As soon as I switch to production mode, it's a less enjoyable ride. First let me say that I made sure my databases were identical and I had full access to both. I even entered myappname_production into the development area in database.yml and it works perfectly. Database ok? check! OSX: 10.4.10 Rails: 1.2.3 Ruby: 1.8.6 ruby-openid: 1.1.4 ruby-yadis: 0.3.4 OpenIdAuthentication plugin: can't find a version # acts_as_authenticated: can't find version # changelog stops at 1 aug 2006
Here are the lines from my development log file that are missing from my production log: OpenIdAuthentication::Nonce Columns (0.004343) SHOW FIELDS FROM openid_authenticationnonces OpenIdAuthentication::Nonce Load (0.004212) SELECT * FROM openid_authenticationnonces WHERE (openid_authenticationnonces. 'nonce' = '8noyAML7') LIMIT 1 SQL (0.000420) BEGIN SQL (0.000843) INSERT INTO openid_authenticationnonces ('created', 'nonce') VALUES(1184979407, '8noyAML7') SQL (0.001165) COMMIT OpenIdAuthentication::Association Columns (0.005295) SHOW FIELDS FROM openid_authenticationassociations OpenIdAuthentication::Association Load (0.004116) SELECT * FROM openid_authenticationassociations WHERE (openid_authenticationassociations.'server_url' = 'http://www.myopenid.com/server'
There are more of the same after a bit, all dealing with the OpenIdAuthentication routines. Why would the OpenIdAuthentication code fire when in development mode and not in production mode? I'm lost as to where to look as I've never experienced a plugin only working in one mode and not the other.
-
I have installed "sudo gem install ruby-openid" successfully then installed the plugin.

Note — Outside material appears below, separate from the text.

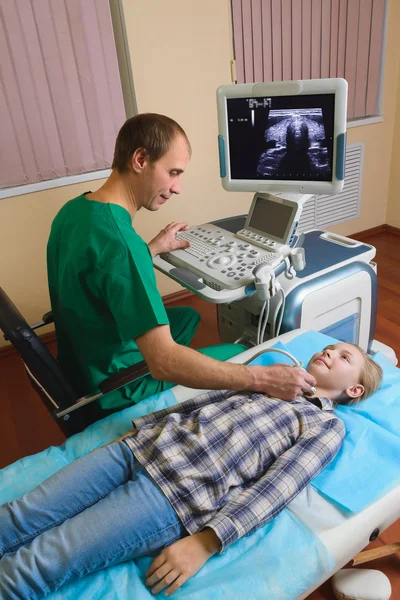 Girl getting ultrasound of a thyroid from doctor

"script/plugin install http://svn.rubyonrails.org/rails/plugins/open_id_authentication/"
the error i get is "no such file to load -- openid/extensions/sreg" and in the console "Install the ruby-openid gem to enable OpenID support"
i'm using rails 2.0.2 and open-id 2.0.4.
in script/console "puts OpenID::VERSION" yeilds "2.0.4"
"puts OpenID::SRed" yeilds "nil"
yet when i "open /opt/local/lib/ruby/gems/1.8/gems/ruby-openid-2.0.4/lib/openid/extensions"
i clearly see sreg.rb in the folder
a few people have mentioned the need to patch the plugin using "http://dev.rubyonrails.org/ticket/10604" though I think this is only for openid authentication plugin's that are pre 2.0, and i have no idea how to implement the patch if i did indeed need it.
If anyone else had the same problem and fixed it, or if you need some more info about my setup before you can help, then please let me know!!
-
Benjamin,
Why do you ever need to expire the session if you are just going to log the user in automatically when they come back?